Falta en la filmografía española, tan irregular y escasa acerca de la guerra de 1936, una recreación de lo que fue aquel día de septiembre de 1937, pocas semanas antes de que las tropas sublevadas ocuparan Gijón y cayera con la ciudad el frente norte republicano. De seguro que en cualquier otro país de nuestro entorno, en el que se hubiera vivido esta dramática evacuación, no faltarían cineastas que acometieran no solo ese viaje sino las penalidades que hubieron de soportar sus viajeros, una vez radicados en ciudades como Leningrado, duramente asediadas por las tropas nazis poco después en la Segunda Guerra Mundial.

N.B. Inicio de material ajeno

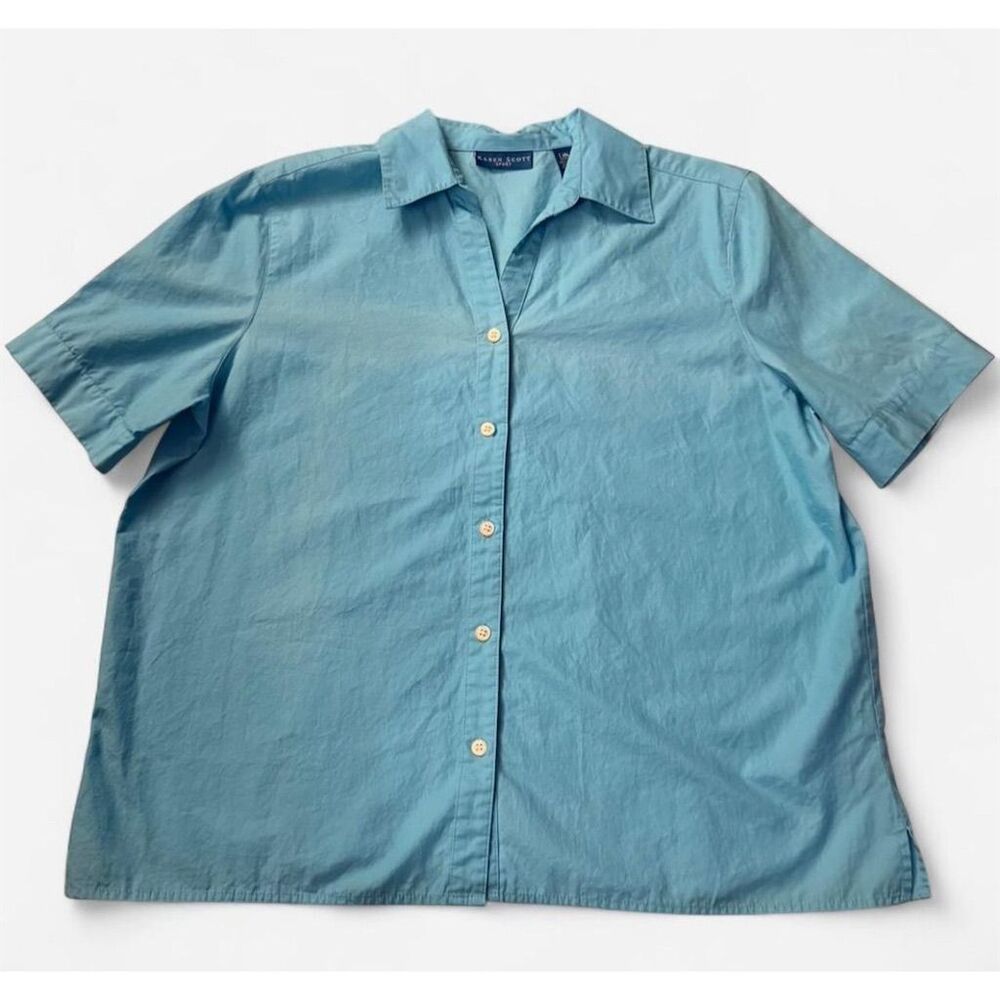 Karen‎ Scott Sport Women's Blue Short Sleeve Button-Up Shirt Size L 100%cotton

En el capítulo de agradecimientos por mantener vive esa memoria, ahora que en La Rula se presenta una exposición de aquella diáspora, debo mencionar a mi estimado David Acera, magnífico actor y narrador oral, que entre su repertorio tiene los cuentos de Pablo Miaja (1876-1957), el maestro ovetense vinculado con la Institución Libre de Enseñanza, primo del general José Miaja, que dirigió la expedición de aquel millar de pequeños refugiados. Acera, con indudable acierto, subtituló su espectáculo ‘De cuando las palabras se convirtieron en remos para huir de la guerra’. Habría sido un acierto también que la muestra que se ofrece estos días de La Rula, ‘Las dos patrias de los Niños de la Guerra’, hubiese contado en el programa, bien para inaugurarla o clausurarla, con el buen hacer actoral de David Acera para que las palabras del olvidado Pablo Miaja sirvieran en esta ocasión como ilustración sonora de las fotografías que se ofrecen en la exposición.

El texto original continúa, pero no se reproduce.